A significant variation (p < 0.05) was observed between crop species and their growth stages for both ALP activity and phoD gene abundance. Total 16S rRNA gene abundance was also significantly (p < 0.05) varied between different crops and growth stages. The soil samples under the maize crop exhibited the highest ALP activity and phoD gene abundance followed by chickpea, mustard and least in soybean grown soils (Fig. 1 and 3). The previous studies have shown that the effect of different plant species on soil microorganisms display variability in plant physiological traits involving root exudates (Eisenhauer, 2017) which differ with varying crop and physiological stages (Bardgett, 1999; Grayston, 1998). This may be due to differences in plant root biomass between different crops. The plant root biomass was maximum in maize crop followed by chickpea, mustard and soybean (Table 3). This study shows maximum ALP enzyme activity and population of bacterial ALP genes in maize crop. The reason behind this may be because maize crops result in greater root biomass which may secrete enhanced root exudates and therefore have pronounced effects on microbial populations. This outcome is in accordance with those ofWang (2017) in which they reported that the plant root biomass showed a positive effect on soil microbial functions and structure.Neal (2021) also reported that crop types impose greater impact on the abundance of rhizosphere phosphohydrolase gene in Brazilian soils.

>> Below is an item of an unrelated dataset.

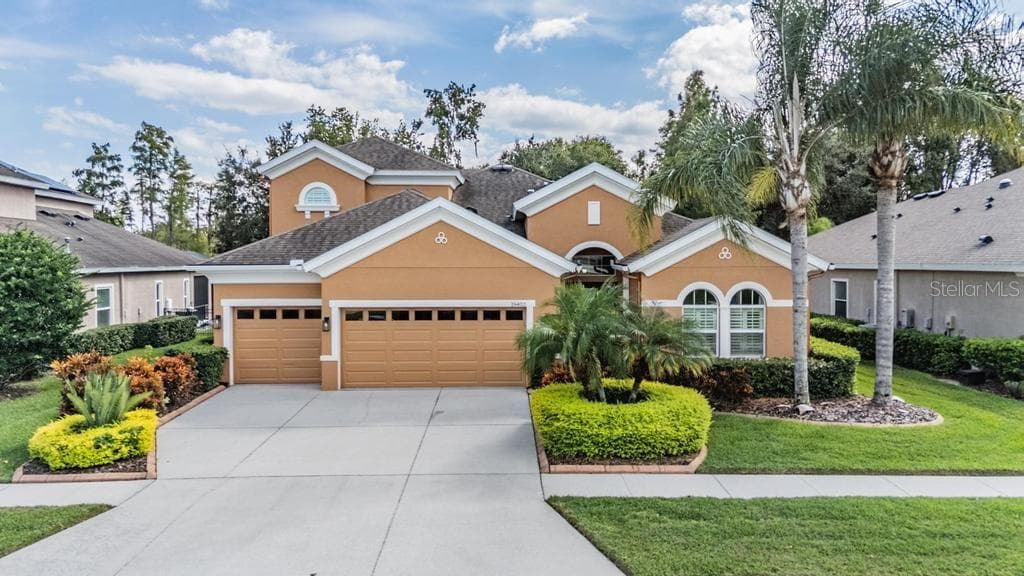 19402 AUTUMN CHASE COURT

Furthermore, the crop growth stages also significantly (p < 0.05) affected the ALP activity, phoD gene and 16S rRNA abundance. The maximum abundance of alkaline phosphatase gene harboring bacteria was detected at the flowering stage (Fig. 3) followed by maturation > vegetative > post-harvest and least during the pre-vegetation stage in all the four test crops. The highest phoD gene copy number as observed at the flowering stage in all the crops distinctly indicates the enhancement of total and phoD bacterial gene abundance at the flowering stage of crop due to optimal availability of nutrients. The results corroborate the findings of others (Smalla, 2001) and also supports the findings of (Singh, 2013) which showed the influence of plant growth stage on 16S rRNA gene copy number and reported the similar trend to the present study. In contrary to the present study,Tamilselvi (2015) reported maximum total culturable bacteria in maize crops active during the vegetative growth stage and decreased thereafter at harvest. This discrepancy in the result could be accredited to the disparity in growth conditions, soil type, climatic condition, methods used.

Conclusion

The present study documents the impact of different farming practices, crops and their growth stages on variations in alkaline phosphatase (ALP) activity, abundance of 16S rRNA and phoD gene. The population of bacterial phoD gene and potential ALP activity decreased significantly under conventional farming practice. The phoD gene abundance was correlated positively to activity of ALP enzyme but negatively with soil available P. Also, different crop species and growth stages exhibited significant effects on changes in bacterial population size and enzymatic activity indicating variations in the rhizosphere chemistry of different crops and their growth stages. This study provides in deep insight into changes in phoD copy number to unravel the understanding of processes involved in phosphorous turnover in a tropical agroecosystem. The comparative study of phosphorous mobilizing bacterial abundance in organically and conventionally managed crops will provide opportunity for development of more P-efficient sustainable agriculture system. Outcome derived through this investigation will be useful to enhance the nutrient use efficiency of available P in agroecosystem.

Competing interests

The authors declare that they have no known competing financial interests or personal relationships that could have appeared to influence the work reported in this paper.